**Exercise description**.
After reading the entries below, copy word for word the lines from the first through the line containing "Shawl Collar Long", and stop there.
+++ Data supplied
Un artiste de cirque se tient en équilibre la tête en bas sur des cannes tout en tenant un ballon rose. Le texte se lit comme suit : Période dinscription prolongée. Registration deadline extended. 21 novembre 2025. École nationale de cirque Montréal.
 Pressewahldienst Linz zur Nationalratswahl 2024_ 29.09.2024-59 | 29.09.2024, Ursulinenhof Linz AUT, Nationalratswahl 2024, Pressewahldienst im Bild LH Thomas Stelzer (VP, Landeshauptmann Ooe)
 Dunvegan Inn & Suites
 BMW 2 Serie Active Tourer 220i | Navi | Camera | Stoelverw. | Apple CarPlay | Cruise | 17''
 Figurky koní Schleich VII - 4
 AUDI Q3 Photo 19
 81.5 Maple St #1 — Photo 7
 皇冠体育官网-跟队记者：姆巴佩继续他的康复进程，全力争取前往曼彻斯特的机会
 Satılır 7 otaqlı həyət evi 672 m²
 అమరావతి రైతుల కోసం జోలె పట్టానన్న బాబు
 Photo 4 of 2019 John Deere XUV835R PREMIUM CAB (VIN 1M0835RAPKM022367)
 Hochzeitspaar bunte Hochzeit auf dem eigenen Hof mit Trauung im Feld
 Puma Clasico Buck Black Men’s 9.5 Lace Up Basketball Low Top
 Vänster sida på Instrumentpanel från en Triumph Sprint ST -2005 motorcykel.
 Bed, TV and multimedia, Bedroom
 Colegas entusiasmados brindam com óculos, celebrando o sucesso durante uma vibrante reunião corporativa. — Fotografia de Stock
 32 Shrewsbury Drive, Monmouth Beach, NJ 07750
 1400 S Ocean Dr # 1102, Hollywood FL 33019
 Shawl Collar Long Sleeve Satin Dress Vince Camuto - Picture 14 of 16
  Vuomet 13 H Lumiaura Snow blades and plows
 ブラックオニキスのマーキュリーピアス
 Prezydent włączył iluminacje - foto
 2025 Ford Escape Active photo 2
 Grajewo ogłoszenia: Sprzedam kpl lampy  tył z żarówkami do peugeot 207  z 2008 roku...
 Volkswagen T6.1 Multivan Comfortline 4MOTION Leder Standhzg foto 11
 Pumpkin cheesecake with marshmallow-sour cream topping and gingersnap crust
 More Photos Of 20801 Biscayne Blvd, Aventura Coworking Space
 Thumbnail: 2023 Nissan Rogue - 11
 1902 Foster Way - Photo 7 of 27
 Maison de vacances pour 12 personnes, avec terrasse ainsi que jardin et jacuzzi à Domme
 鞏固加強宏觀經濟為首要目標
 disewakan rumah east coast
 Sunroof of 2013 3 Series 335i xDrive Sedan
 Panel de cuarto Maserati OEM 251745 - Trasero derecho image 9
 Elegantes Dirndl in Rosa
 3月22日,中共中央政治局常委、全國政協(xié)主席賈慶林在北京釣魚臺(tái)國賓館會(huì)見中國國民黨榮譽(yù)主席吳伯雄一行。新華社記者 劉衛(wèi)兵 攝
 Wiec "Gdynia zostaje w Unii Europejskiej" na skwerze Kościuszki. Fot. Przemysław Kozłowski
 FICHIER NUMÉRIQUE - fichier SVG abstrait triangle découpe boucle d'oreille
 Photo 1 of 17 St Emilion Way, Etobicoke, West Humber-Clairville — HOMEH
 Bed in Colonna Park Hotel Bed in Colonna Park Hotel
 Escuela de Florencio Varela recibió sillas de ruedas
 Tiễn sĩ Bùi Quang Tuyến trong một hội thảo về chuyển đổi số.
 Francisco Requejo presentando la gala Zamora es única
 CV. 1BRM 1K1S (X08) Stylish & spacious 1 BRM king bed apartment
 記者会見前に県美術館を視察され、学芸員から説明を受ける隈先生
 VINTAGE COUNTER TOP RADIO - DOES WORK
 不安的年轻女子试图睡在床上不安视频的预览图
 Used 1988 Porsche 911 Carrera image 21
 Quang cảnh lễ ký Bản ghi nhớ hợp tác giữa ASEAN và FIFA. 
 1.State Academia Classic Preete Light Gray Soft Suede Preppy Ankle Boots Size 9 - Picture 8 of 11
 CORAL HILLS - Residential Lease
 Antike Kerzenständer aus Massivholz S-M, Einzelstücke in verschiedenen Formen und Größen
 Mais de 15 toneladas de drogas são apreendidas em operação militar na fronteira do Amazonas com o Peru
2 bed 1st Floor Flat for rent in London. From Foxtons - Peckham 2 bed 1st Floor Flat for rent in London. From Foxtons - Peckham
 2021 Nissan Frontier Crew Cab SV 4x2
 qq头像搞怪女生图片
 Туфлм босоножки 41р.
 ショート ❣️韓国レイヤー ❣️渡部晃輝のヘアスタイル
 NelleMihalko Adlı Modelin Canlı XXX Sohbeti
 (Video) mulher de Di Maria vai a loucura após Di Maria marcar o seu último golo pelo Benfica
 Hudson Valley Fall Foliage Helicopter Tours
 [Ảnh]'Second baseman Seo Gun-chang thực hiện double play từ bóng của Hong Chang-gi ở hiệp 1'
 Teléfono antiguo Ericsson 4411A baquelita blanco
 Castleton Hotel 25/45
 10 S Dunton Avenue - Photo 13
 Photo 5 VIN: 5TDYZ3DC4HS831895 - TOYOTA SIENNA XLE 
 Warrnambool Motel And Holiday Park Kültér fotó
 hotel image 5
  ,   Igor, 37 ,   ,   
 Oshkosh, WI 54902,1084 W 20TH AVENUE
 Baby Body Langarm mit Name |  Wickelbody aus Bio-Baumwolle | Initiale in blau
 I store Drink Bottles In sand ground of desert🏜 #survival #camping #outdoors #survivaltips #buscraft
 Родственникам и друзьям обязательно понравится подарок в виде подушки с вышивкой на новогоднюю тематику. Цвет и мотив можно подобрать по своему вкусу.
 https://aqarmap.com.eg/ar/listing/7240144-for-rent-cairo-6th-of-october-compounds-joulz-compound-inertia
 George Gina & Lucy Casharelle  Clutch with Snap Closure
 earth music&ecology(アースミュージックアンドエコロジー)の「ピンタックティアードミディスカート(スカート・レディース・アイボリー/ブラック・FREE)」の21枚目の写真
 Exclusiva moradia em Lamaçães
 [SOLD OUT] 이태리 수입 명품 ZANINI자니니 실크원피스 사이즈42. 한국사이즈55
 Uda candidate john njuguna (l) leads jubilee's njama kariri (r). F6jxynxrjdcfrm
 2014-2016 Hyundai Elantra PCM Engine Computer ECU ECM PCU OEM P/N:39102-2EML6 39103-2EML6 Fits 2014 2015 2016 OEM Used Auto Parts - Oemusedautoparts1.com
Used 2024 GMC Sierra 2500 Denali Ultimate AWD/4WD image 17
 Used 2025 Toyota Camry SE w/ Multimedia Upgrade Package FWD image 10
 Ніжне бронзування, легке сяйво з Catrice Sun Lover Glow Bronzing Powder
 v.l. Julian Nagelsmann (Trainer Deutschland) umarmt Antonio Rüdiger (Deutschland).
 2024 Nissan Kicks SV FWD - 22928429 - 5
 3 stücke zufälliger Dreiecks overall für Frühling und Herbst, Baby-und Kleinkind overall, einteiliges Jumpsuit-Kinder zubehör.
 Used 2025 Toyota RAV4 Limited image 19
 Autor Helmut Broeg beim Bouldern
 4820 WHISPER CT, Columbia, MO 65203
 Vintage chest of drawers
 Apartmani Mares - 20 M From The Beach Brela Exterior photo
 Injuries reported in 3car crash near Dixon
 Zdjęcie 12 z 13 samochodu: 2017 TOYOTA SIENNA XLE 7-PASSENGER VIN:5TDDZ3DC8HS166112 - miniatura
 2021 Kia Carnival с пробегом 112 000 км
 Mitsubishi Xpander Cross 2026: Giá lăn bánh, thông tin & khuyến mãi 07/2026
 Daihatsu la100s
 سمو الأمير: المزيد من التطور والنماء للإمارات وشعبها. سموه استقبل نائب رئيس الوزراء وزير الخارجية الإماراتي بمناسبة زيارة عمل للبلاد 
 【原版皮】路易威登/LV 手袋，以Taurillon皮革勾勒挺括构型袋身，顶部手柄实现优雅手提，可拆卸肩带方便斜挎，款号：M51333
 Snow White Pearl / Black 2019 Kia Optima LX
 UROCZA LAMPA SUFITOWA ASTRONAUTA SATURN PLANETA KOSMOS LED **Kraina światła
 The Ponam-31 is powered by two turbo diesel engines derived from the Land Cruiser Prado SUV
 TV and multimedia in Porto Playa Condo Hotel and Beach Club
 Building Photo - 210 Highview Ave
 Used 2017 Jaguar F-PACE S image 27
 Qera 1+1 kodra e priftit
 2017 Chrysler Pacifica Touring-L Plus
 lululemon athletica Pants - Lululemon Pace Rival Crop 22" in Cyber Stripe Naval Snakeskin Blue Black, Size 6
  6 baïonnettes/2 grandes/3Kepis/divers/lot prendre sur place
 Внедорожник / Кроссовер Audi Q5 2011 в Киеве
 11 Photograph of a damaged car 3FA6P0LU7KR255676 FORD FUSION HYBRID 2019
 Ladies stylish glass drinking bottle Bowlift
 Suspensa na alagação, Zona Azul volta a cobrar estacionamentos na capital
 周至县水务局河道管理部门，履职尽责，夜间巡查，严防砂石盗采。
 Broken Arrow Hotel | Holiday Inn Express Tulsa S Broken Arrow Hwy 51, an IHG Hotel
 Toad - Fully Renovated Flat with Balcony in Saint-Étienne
++++++
**Task answer**.
Un artiste de cirque se tient en équilibre la tête en bas sur des cannes tout en tenant un ballon rose. Le texte se lit comme suit : Période dinscription prolongée. Registration deadline extended. 21 novembre 2025. École nationale de cirque Montréal.
 Pressewahldienst Linz zur Nationalratswahl 2024_ 29.09.2024-59 | 29.09.2024, Ursulinenhof Linz AUT, Nationalratswahl 2024, Pressewahldienst im Bild LH Thomas Stelzer (VP, Landeshauptmann Ooe)
 Dunvegan Inn & Suites
 BMW 2 Serie Active Tourer 220i | Navi | Camera | Stoelverw. | Apple CarPlay | Cruise | 17''
 Figurky koní Schleich VII - 4
 AUDI Q3 Photo 19
 81.5 Maple St #1 — Photo 7
 皇冠体育官网-跟队记者：姆巴佩继续他的康复进程，全力争取前往曼彻斯特的机会
 Satılır 7 otaqlı həyət evi 672 m²
 అమరావతి రైతుల కోసం జోలె పట్టానన్న బాబు
 Photo 4 of 2019 John Deere XUV835R PREMIUM CAB (VIN 1M0835RAPKM022367)
 Hochzeitspaar bunte Hochzeit auf dem eigenen Hof mit Trauung im Feld
 Puma Clasico Buck Black Men’s 9.5 Lace Up Basketball Low Top
 Vänster sida på Instrumentpanel från en Triumph Sprint ST -2005 motorcykel.
 Bed, TV and multimedia, Bedroom
 Colegas entusiasmados brindam com óculos, celebrando o sucesso durante uma vibrante reunião corporativa. — Fotografia de Stock
 32 Shrewsbury Drive, Monmouth Beach, NJ 07750
 1400 S Ocean Dr # 1102, Hollywood FL 33019
 Shawl Collar Long Sleeve Satin Dress Vince Camuto - Picture 14 of 16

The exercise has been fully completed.